### How to complete this task
The records below need to be set down again exactly; their images stay out.

-- Opening Marker --

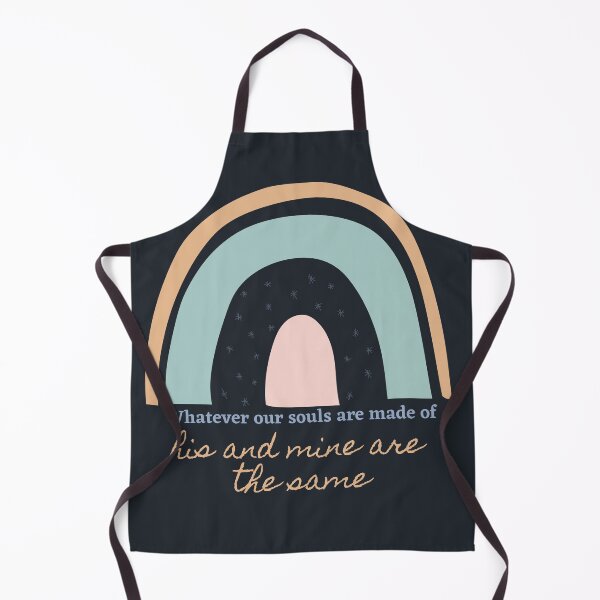 Item preview, Whatever Our Souls Are Made Of His And Mine Are The Same designed and sold by hashnan21.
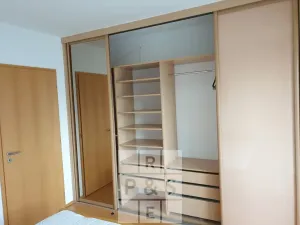 Pronájem bytu 3+kk, Praha - Liboc, Naardenská, 97 m2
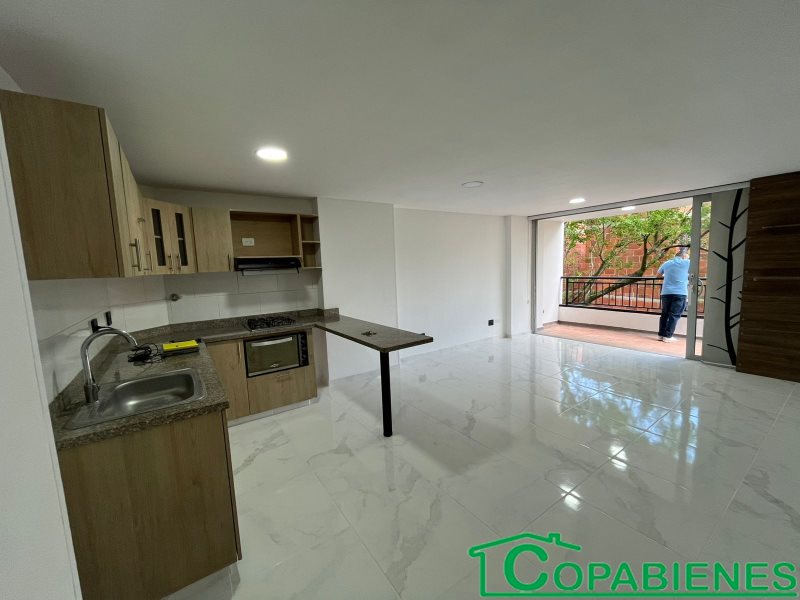 Apartamento en Venta en Maria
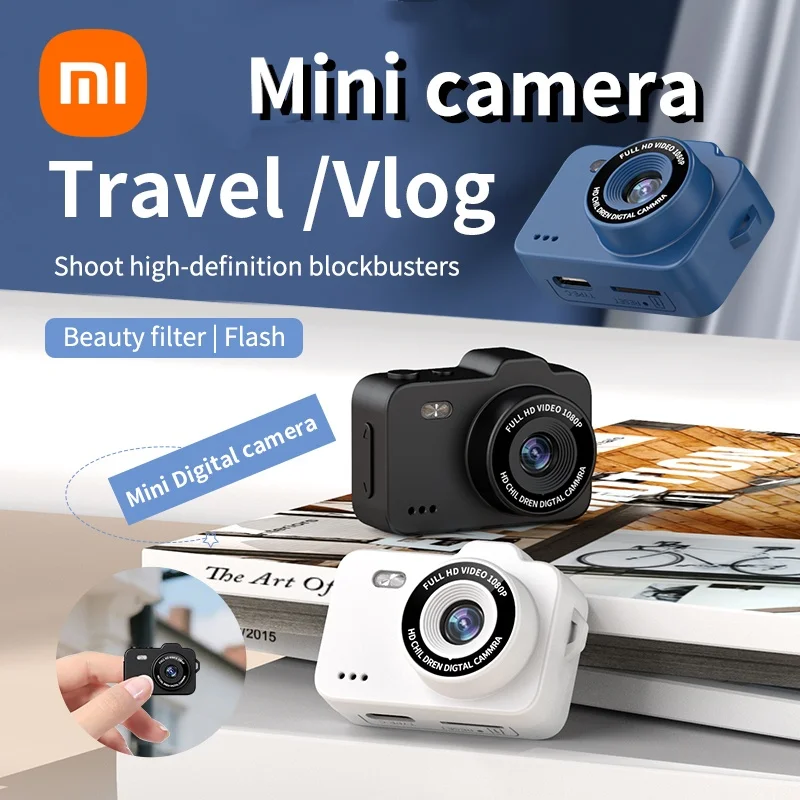 Xiaomi Mini Camera … - image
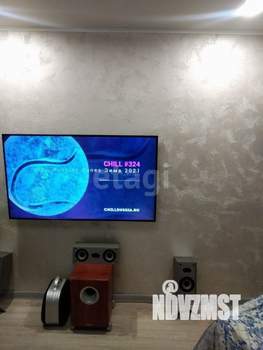 1-к квартира, вторичка, 33м2, 1/5 этаж
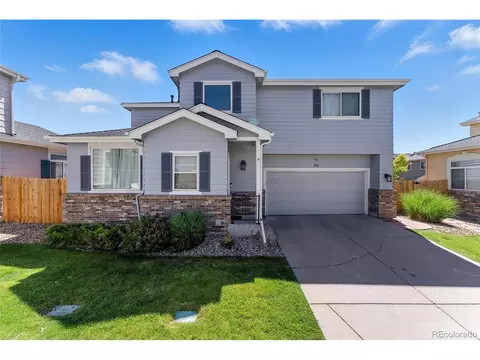 10116 Wyandott Cir, Denver, CO 80260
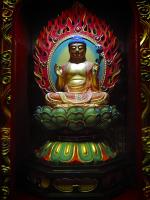 Buddha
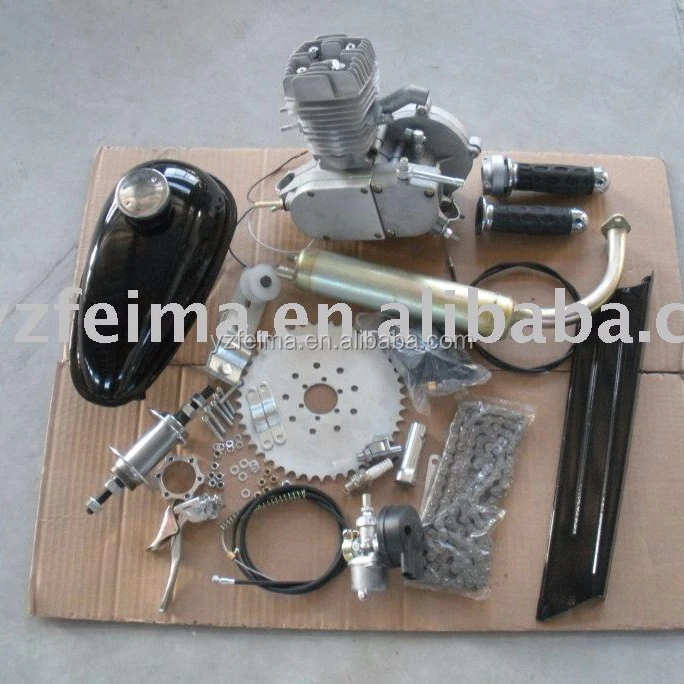 

Bike Engine Kit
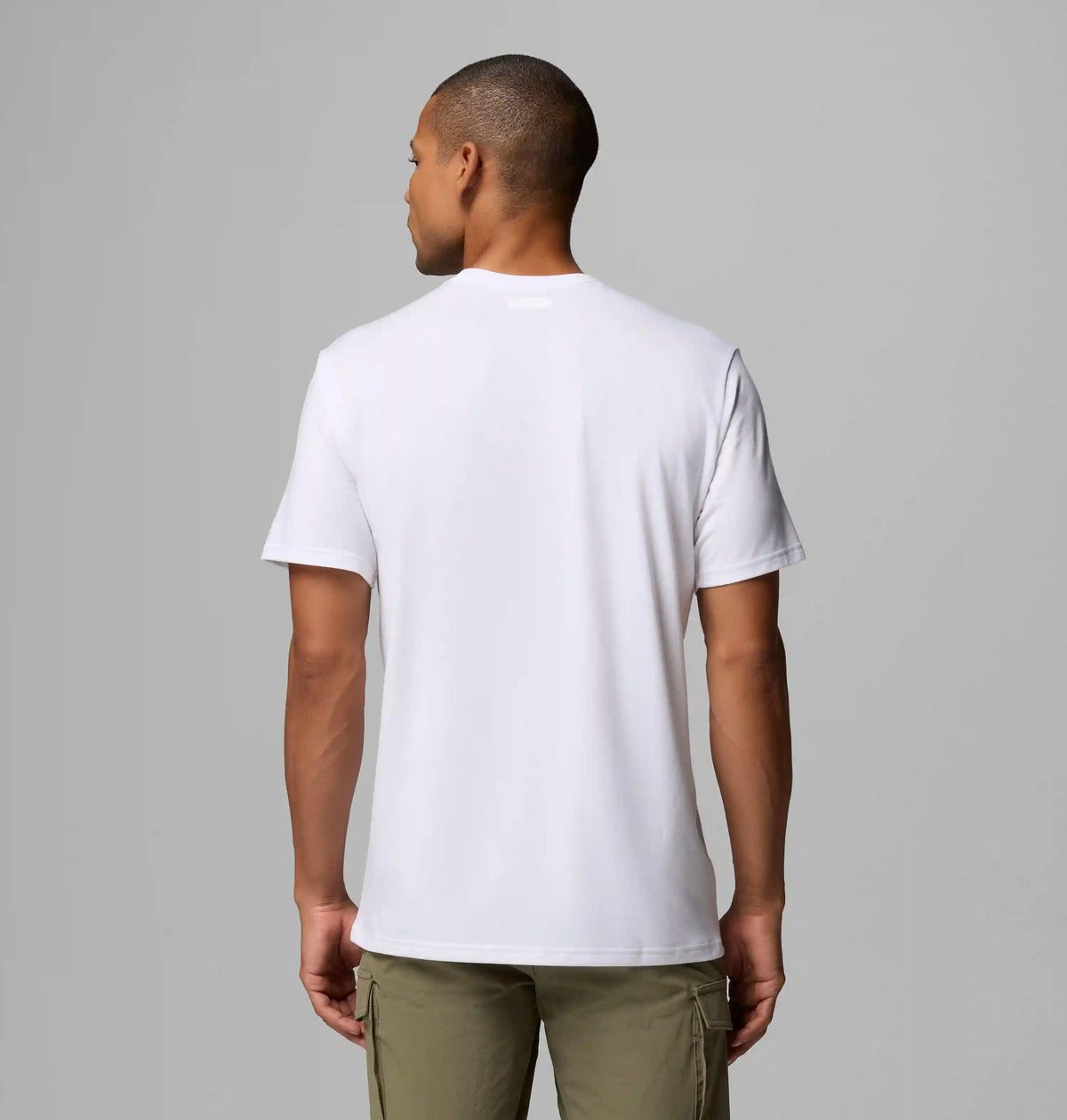 Men's CSC Soft Stretch Short Sleeve T-Shirt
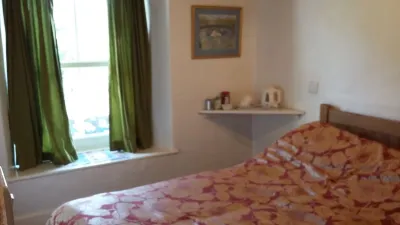 Cottage in Croesor. Snowdonian mountain retreat. Fast internet with vista views! Các khách sạn ở 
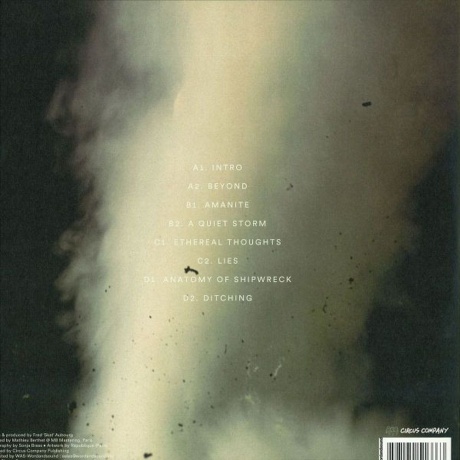 Oleg Poliakov - Random Is A Pattern (0827170516663) - фото 2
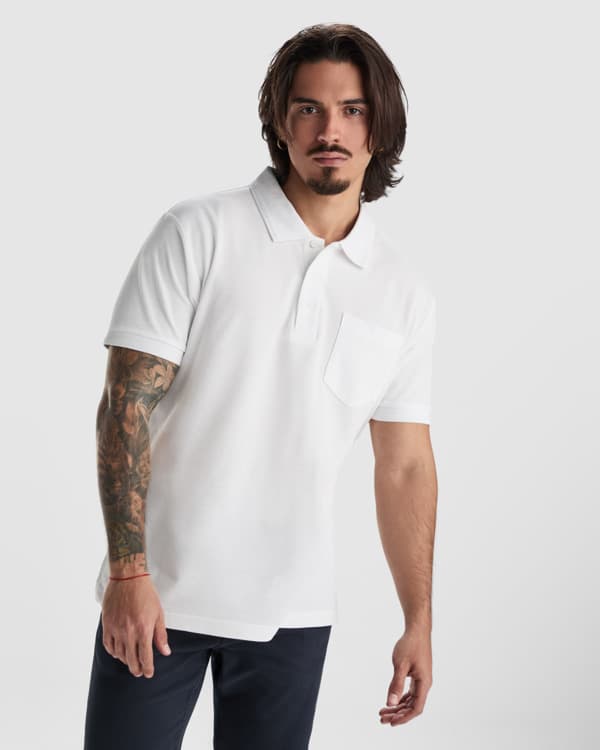 Polo CENTAURO PREMIUM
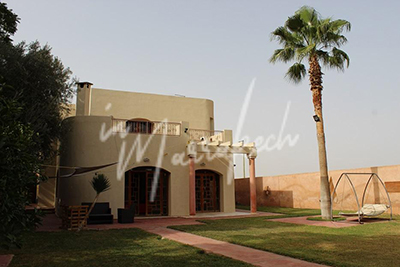 Villa de 4 chambres à la vente sur Targa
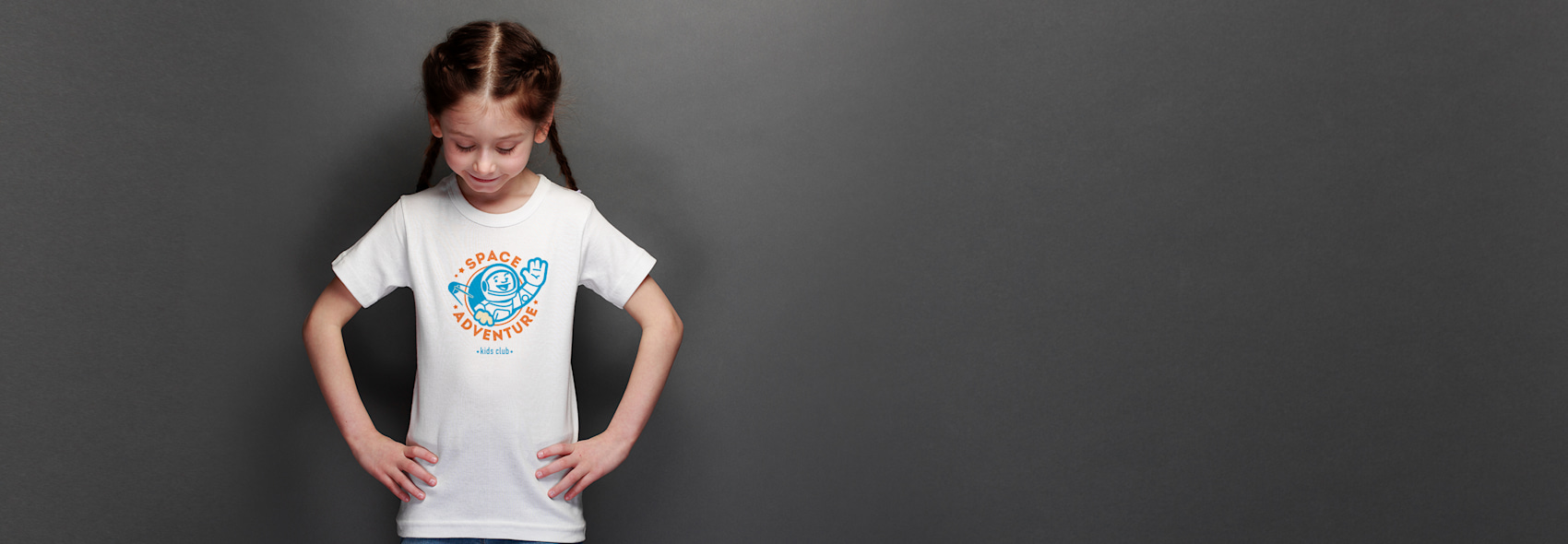 Kids T-shirts Online
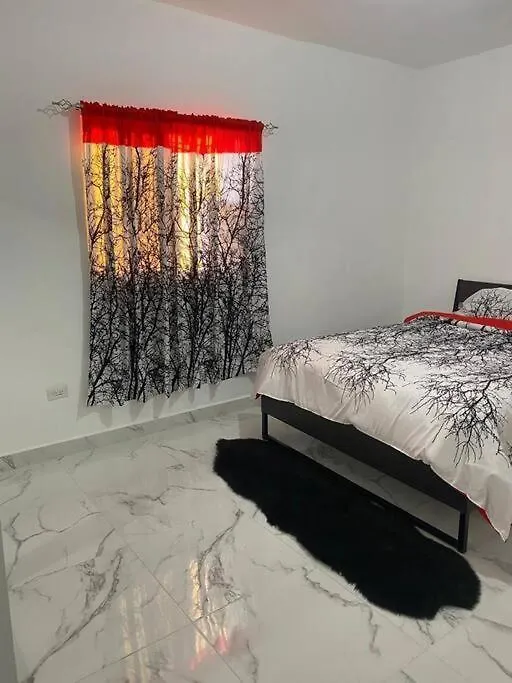 Modern Country Side Lux Apt La Ceibita Apartment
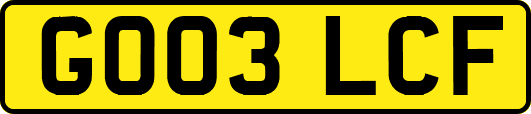 GO03LCF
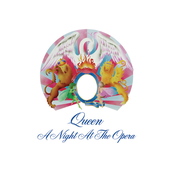 A Night At The Opera (Deluxe Remastered Version)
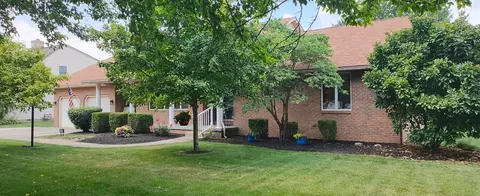 1122 Farmington Ln, Washington Court House, OH 43160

-- Closing Marker --

### Output of the task
 Item preview, Whatever Our Souls Are Made Of His And Mine Are The Same designed and sold by hashnan21.
 Pronájem bytu 3+kk, Praha - Liboc, Naardenská, 97 m2
 Apartamento en Venta en Maria
 Xiaomi Mini Camera … - image
 1-к квартира, вторичка, 33м2, 1/5 этаж
 10116 Wyandott Cir, Denver, CO 80260
 Buddha

Bike Engine Kit
 Men's CSC Soft Stretch Short Sleeve T-Shirt
 Cottage in Croesor. Snowdonian mountain retreat. Fast internet with vista views! Các khách sạn ở 
 Oleg Poliakov - Random Is A Pattern (0827170516663) - фото 2
 Polo CENTAURO PREMIUM
 Villa de 4 chambres à la vente sur Targa
 Kids T-shirts Online
 Modern Country Side Lux Apt La Ceibita Apartment
 GO03LCF
 A Night At The Opera (Deluxe Remastered Version)
 1122 Farmington Ln, Washington Court House, OH 43160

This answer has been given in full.